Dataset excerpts
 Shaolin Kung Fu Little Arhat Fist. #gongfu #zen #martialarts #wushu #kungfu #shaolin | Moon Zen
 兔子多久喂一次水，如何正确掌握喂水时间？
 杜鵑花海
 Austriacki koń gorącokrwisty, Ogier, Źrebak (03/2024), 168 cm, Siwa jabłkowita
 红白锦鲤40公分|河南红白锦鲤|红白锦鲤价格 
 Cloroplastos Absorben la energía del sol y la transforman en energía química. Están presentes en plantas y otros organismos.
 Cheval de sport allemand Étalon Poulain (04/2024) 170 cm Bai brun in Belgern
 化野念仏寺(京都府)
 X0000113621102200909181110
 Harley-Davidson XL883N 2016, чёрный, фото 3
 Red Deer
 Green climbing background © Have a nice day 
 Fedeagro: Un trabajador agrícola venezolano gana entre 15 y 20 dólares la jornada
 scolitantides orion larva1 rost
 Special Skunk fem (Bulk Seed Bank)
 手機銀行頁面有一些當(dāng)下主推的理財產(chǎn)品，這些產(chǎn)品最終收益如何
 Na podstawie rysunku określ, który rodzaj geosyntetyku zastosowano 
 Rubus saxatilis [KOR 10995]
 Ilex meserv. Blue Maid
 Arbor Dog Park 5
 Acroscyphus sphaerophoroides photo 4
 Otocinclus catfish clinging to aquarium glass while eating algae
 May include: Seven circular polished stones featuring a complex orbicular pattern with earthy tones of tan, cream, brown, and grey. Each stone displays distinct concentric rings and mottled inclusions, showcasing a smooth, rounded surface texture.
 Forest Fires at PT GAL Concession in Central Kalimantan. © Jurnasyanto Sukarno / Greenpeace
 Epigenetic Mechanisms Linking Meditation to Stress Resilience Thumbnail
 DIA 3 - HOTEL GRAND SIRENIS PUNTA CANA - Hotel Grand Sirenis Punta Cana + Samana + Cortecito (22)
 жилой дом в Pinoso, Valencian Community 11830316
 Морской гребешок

Instructions for the task.
From the records above, transcribe exactly the run of lines that opens with the line holding "兔子多久喂一次水，如何正确掌握喂水时间？" and closes with the line holding "May include: Seven", both included.

Exercise output.
 兔子多久喂一次水，如何正确掌握喂水时间？
 杜鵑花海
 Austriacki koń gorącokrwisty, Ogier, Źrebak (03/2024), 168 cm, Siwa jabłkowita
 红白锦鲤40公分|河南红白锦鲤|红白锦鲤价格 
 Cloroplastos Absorben la energía del sol y la transforman en energía química. Están presentes en plantas y otros organismos.
 Cheval de sport allemand Étalon Poulain (04/2024) 170 cm Bai brun in Belgern
 化野念仏寺(京都府)
 X0000113621102200909181110
 Harley-Davidson XL883N 2016, чёрный, фото 3
 Red Deer
 Green climbing background © Have a nice day 
 Fedeagro: Un trabajador agrícola venezolano gana entre 15 y 20 dólares la jornada
 scolitantides orion larva1 rost
 Special Skunk fem (Bulk Seed Bank)
 手機銀行頁面有一些當(dāng)下主推的理財產(chǎn)品，這些產(chǎn)品最終收益如何
 Na podstawie rysunku określ, który rodzaj geosyntetyku zastosowano 
 Rubus saxatilis [KOR 10995]
 Ilex meserv. Blue Maid
 Arbor Dog Park 5
 Acroscyphus sphaerophoroides photo 4
 Otocinclus catfish clinging to aquarium glass while eating algae
 May include: Seven circular polished stones featuring a complex orbicular pattern with earthy tones of tan, cream, brown, and grey. Each stone displays distinct concentric rings and mottled inclusions, showcasing a smooth, rounded surface texture.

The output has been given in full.